4. M. C...soutient qu'il est entré en France en 2013 et y a établi sa vie familiale, avec une compatriote et leurs deux enfants. Toutefois, il n'établit ni même n'allègue une communauté de vie avec ces derniers et il est constant que sa compagne, également de nationalité angolaise, a fait l'objet d'une décision portant obligation de quitter le territoire français en date du 23 janvier 2017, dont la légalité a été confirmée par un jugement du tribunal administratif de Bordeaux du 12 juin 2017 et par un arrêt de la présente cour du 30 novembre 2017. Compte tenu du jeune âge des enfants du couple, nés en 2009 et 2016, et du fait que la compagne de M. C...est également ressortissante angolaise, aucune circonstance particulière ne s'oppose à ce que la cellule familiale se reconstitue dans leur pays d'origine. De plus, il ne ressort pas des pièces du dossier que l'appelant aurait développé en France des liens d'une intensité particulière en dehors de cette cellule familiale ni qu'il serait dépourvu d'attaches dans son pays d'origine où il a résidé jusqu'à l'âge de 21 ans. Il n'établit pas davantage une intégration réussie dans la société française. Dans ces conditions, eu égard aux conditions de son séjour en France, et à la situation irrégulière de sa compagne, la décision portant refus d'admission au séjour n'a pas porté au droit au respect de la vie privée et familiale de l'intéressé une atteinte disproportionnée aux buts en vue desquels elle a été prise et ne peut donc être regardée comme méconnaissant les dispositions précitées du 7° de l'article L. 313-11 du code de l'entrée et du séjour des étrangers et du droit d'asile. Pour les mêmes motifs, l'appelant n'est pas fondé à soutenir que la décision contestée était, à la date de son édiction, entachée d'une erreur manifeste dans l'appréciation de sa situation personnelle.

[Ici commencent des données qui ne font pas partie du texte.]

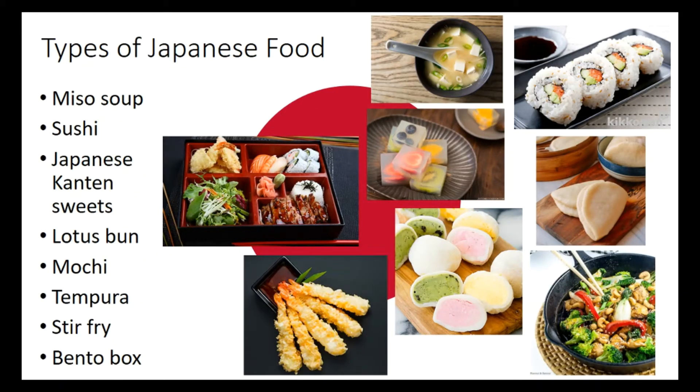Different types of Japanese food that are really common and really popular are miso soup, sushi, Japanese canteen sweets, lotus buns, mochi, tempura, stir fry, and bento boxes, which kids usually take to school as their lunch boxes. You get all this delicious food in a bento box, which also consists of a little bit of tempura, a little bit of sushi, and some grilled meats. There are loads of different really colourful foods — you can see how colourful they all are — and they just create so much beauty in the cuisine.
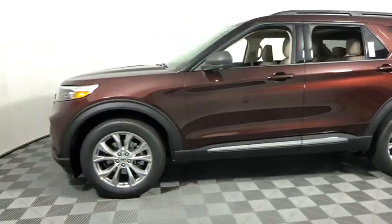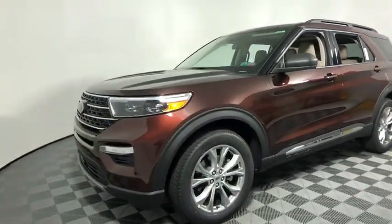Power liftgate, traction control, remote engine start, power passenger seat, dual airbags, leather wrapped steering wheel, alloy wheels, power steering, aluminum.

5. Aux termes de l'article L. 313-14 du code de l'entrée et du séjour des étrangers et du droit d'asile : " La carte de séjour temporaire mentionnée à l'article L. 313-11 (...) peut être délivrée, sauf si sa présence constitue une menace pour l'ordre public, à l'étranger ne vivant pas en état de polygamie dont l'admission au séjour répond à des considérations humanitaires ou se justifie au regard des motifs exceptionnels qu'il fait valoir, sans que soit opposable la condition prévue à l'article L. 313-2. (...)".
6. Eu égard à la situation telle qu'elle a été exposée au point 4 de l'appelant, ce dernier ne justifie pas des considérations humanitaires ou des motifs exceptionnels de nature à permettre la délivrance d'une carte de séjour " vie privée et familiale " sur le fondement des dispositions précitées de l'article L. 313-14 du code de l'entrée et du séjour des étrangers et du droit d'asile. Par suite, le moyen tiré de la méconnaissance de ces dispositions doit être écarté.

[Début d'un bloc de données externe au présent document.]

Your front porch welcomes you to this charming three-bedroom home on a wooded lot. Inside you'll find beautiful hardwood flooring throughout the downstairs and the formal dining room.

7. Aux termes de l'article 3-1 de la convention internationale relative aux droits de l'enfant : "Dans toutes les décisions qui concernent les enfants, qu'elles soient le fait des institutions publiques ou privées de protection sociale, des tribunaux, des autorités administratives ou des organes législatifs, l'intérêt supérieur de l'enfant doit être une considération primordiale.". Il résulte de ces stipulations, qui peuvent être utilement invoquées à l'appui d'un recours pour excès de pouvoir, que, dans l'exercice de son pouvoir d'appréciation, l'autorité administrative doit accorder une attention primordiale à l'intérêt supérieur des enfants dans toutes les décisions les concernant.

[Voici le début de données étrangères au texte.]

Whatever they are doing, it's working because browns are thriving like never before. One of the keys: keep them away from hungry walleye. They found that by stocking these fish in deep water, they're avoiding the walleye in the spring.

8. Ainsi qu'il a été dit au point 4, il n'est pas établi que la cellule familiale de l'appelant ne puisse se reconstituer en Angola avec sa compagne de même nationalité et leurs deux enfants, âgés de huit ans et seulement neuf mois à la date de la décision contestée, laquelle n'a pas pour effet de le séparer de ses enfants. La seule circonstance que l'un de ces enfants n'a jamais connu le pays d'origine de ses parents n'est pas de nature à démontrer, ainsi que l'ont estimé les premiers juges, que le préfet de la Gironde aurait méconnu les stipulations de l'article 3-1 de la convention internationale relative aux droits de l'enfant.
En ce qui concerne l'obligation de quitter le territoire français :
9. Il ne ressort pas des pièces du dossier que M. C...remplirait les conditions pour bénéficier de plein droit d'un titre de séjour. Il n'est dès lors pas fondé à soutenir qu'il serait au nombre des étrangers qui ne peuvent faire l'objet d'une mesure d'éloignement.
10. Pour les mêmes motifs que ceux exposés aux points 4 et 8, les moyens tirés de la méconnaissance des stipulations de l'article 8 de la convention européenne de sauvegarde des droits de l'homme et des libertés fondamentales et de l'article 3-1 de la convention internationale des droits de l'enfant ainsi que de l'erreur manifeste d'appréciation des conséquences de la mesure d'éloignement sur la situation personnelle et familiale de l'appelant ne peuvent qu'être écartés.
En ce qui concerne la décision fixant le pays de renvoi :
11. Aux termes de l'article L. 513-2 du code de l'entrée et du séjour des étrangers et du droit d'asile : " (...) Un étranger ne peut être éloigné à destination d'un pays s'il établit que sa vie ou sa liberté y sont menacées ou qu'il y est exposé à des traitements contraires à
l'article 3 de la convention européenne de sauvegarde des droits de l'homme et des libertés fondamentales du 4 novembre 1950. ". Cet article énonce que : " Nul ne peut être soumis à la torture ni à des peines ou traitements inhumains ou dégradants ".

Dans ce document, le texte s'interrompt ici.